**REQUIRED ACTION:** Scan the listing below. Report each line that includes "phase".

**DATA EXTRACT:**
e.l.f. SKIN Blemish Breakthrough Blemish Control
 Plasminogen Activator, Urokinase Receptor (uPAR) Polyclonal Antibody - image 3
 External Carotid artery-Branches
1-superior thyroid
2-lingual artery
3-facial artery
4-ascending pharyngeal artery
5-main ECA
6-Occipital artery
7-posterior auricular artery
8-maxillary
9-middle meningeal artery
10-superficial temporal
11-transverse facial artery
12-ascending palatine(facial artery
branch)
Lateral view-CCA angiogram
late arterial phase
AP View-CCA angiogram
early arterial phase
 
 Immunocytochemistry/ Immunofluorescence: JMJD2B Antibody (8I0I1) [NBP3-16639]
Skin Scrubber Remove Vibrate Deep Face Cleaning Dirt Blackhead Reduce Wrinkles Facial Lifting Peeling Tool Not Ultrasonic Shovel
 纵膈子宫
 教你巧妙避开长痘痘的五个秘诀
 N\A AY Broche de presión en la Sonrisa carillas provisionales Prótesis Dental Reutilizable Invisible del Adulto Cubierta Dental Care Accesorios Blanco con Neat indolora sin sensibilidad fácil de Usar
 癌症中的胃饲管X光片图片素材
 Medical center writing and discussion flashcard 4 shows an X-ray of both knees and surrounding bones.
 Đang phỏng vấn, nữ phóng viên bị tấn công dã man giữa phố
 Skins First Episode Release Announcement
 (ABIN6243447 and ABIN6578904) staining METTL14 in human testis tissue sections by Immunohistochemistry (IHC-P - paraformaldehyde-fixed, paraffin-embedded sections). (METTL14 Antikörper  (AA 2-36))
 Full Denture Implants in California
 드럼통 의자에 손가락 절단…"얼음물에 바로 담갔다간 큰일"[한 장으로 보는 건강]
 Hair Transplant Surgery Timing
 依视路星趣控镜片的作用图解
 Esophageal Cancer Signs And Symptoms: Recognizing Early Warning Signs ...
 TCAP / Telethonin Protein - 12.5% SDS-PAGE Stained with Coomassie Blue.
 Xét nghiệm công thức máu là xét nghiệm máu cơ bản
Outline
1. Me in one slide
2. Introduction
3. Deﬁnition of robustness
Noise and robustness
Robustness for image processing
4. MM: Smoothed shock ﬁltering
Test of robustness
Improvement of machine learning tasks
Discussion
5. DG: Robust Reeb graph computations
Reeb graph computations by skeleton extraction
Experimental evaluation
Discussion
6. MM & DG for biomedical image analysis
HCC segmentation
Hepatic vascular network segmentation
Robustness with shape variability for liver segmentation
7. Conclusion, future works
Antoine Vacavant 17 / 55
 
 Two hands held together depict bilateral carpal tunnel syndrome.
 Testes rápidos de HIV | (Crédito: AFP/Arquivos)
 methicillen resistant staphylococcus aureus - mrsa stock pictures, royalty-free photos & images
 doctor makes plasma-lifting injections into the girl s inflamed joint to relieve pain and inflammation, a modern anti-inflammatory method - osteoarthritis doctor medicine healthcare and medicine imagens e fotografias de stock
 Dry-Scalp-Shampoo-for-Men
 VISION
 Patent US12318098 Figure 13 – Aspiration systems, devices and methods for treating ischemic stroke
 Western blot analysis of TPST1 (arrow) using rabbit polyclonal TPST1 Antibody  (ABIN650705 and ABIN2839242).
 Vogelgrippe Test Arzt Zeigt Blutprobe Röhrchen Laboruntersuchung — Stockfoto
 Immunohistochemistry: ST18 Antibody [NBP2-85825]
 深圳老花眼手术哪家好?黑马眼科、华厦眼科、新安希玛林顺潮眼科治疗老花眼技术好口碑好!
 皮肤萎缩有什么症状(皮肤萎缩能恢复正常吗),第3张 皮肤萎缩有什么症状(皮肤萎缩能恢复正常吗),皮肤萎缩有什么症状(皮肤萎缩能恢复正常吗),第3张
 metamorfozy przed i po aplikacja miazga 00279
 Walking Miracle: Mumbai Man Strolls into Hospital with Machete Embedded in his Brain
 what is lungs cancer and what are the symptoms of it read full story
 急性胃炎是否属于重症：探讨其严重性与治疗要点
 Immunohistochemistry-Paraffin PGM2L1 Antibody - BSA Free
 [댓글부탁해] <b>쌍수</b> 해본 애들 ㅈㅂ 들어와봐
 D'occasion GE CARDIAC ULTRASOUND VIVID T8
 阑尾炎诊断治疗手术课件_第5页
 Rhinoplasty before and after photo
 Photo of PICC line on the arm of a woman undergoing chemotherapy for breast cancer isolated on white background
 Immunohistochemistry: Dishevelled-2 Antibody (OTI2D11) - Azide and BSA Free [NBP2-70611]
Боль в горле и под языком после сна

**COMPLETED TASK:**
late arterial phase
early arterial phase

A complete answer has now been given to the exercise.